- _Your objective_: From the listing below, reproduce exactly the lines starting with the one with "Grayson Girl star nice pictures" and going on through the one with "ec_gp's tweet photo.", both ends kept. No picture is copied.

- _Source data_:

━━━━━━━━━━━━━━━━━━━━━━━━━━━━━━

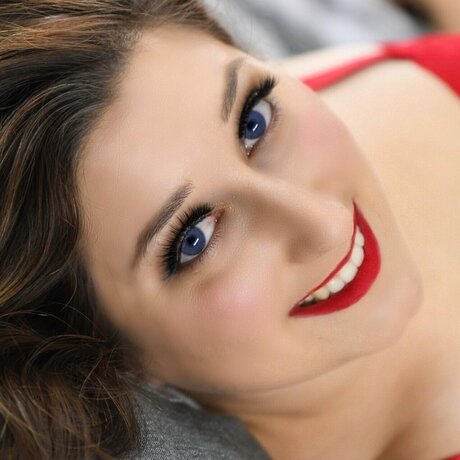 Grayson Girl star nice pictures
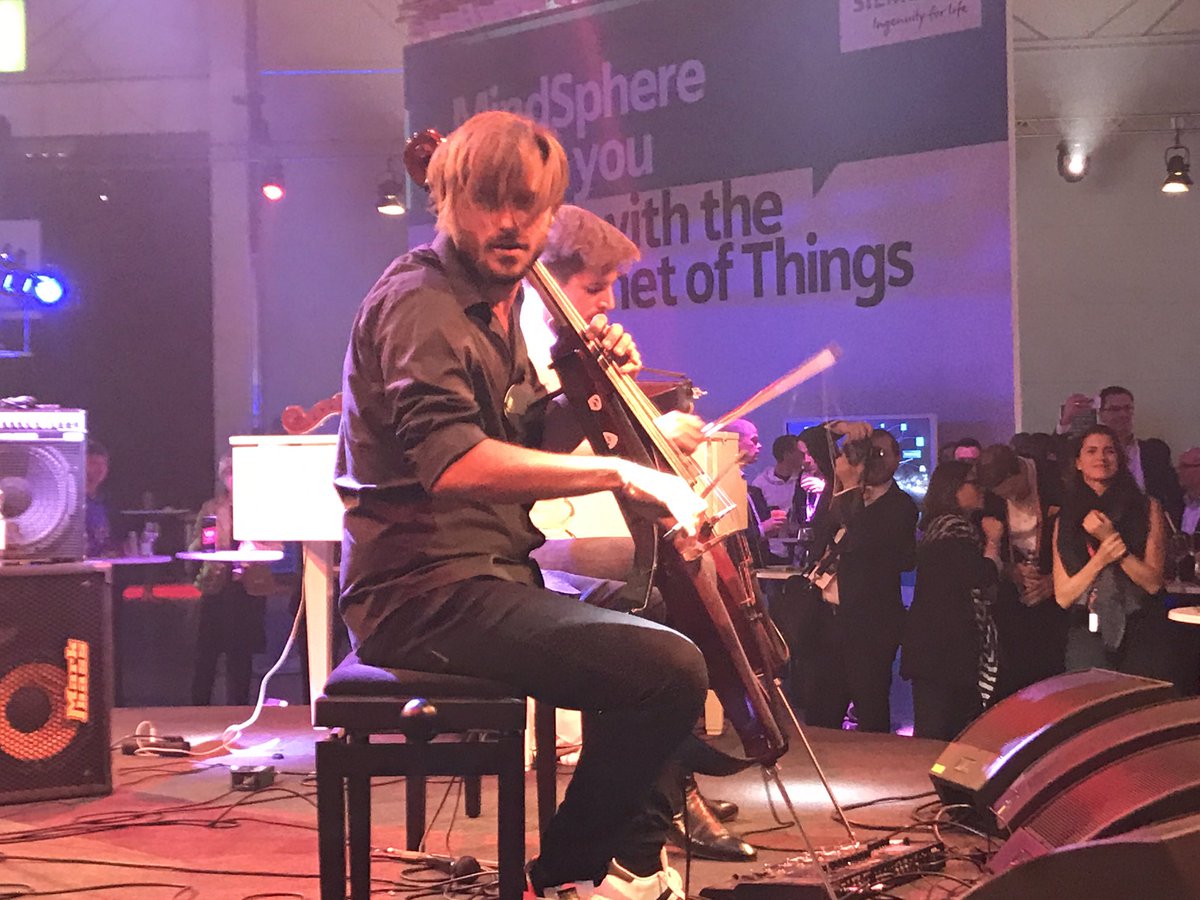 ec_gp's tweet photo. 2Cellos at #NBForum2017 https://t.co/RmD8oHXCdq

━━━━━━━━━━━━━━━━━━━━━━━━━━━━━━

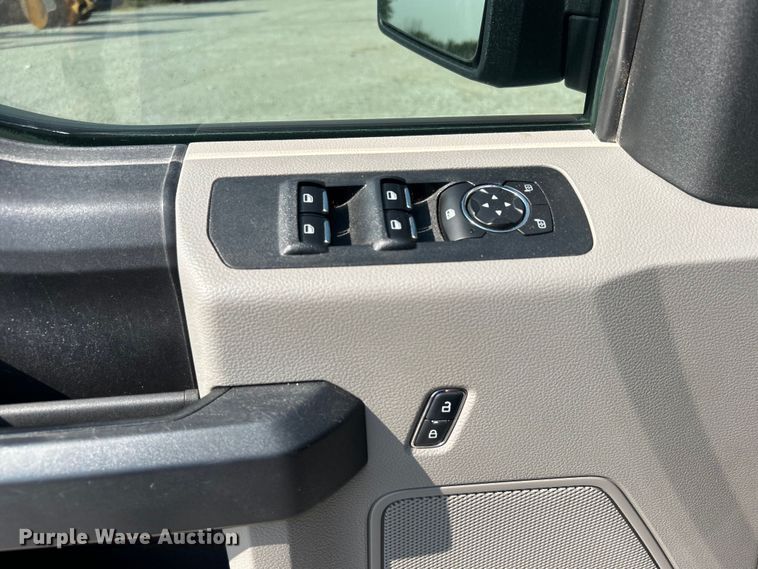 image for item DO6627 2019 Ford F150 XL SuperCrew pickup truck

━━━━━━━━━━━━━━━━━━━━━━━━━━━━━━

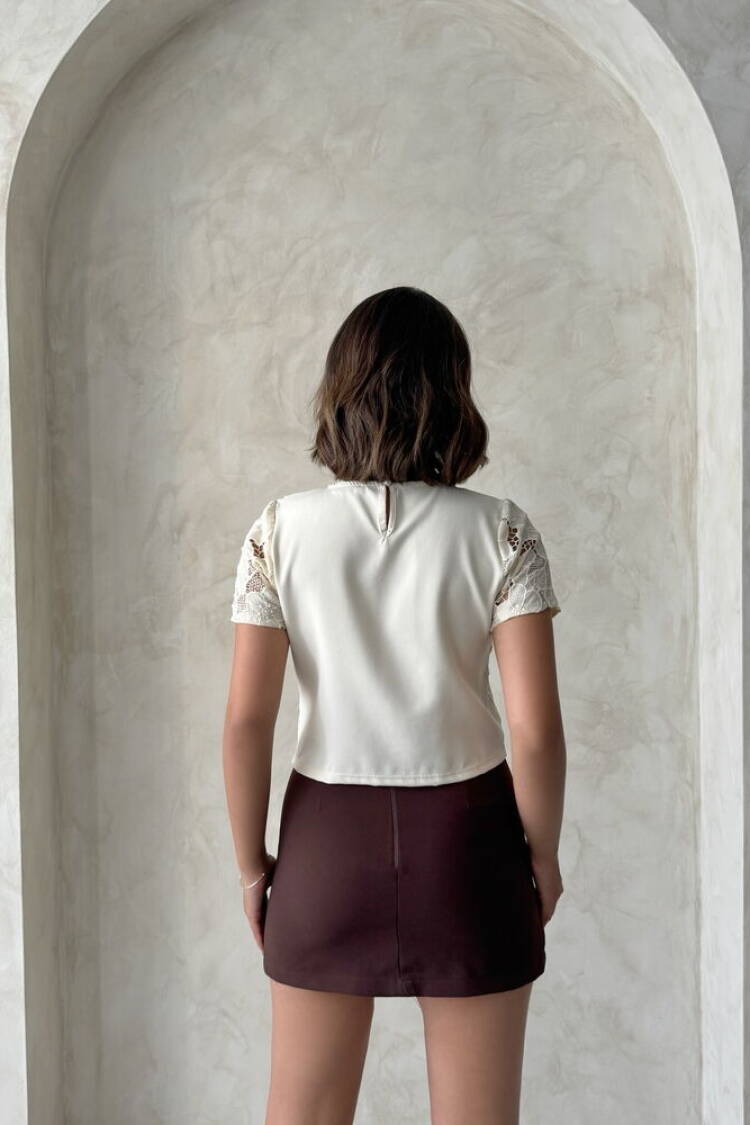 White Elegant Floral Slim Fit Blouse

━━━━━━━━━━━━━━━━━━━━━━━━━━━━━━

- _The answer_:
 Grayson Girl star nice pictures
 ec_gp's tweet photo. 2Cellos at #NBForum2017 https://t.co/RmD8oHXCdq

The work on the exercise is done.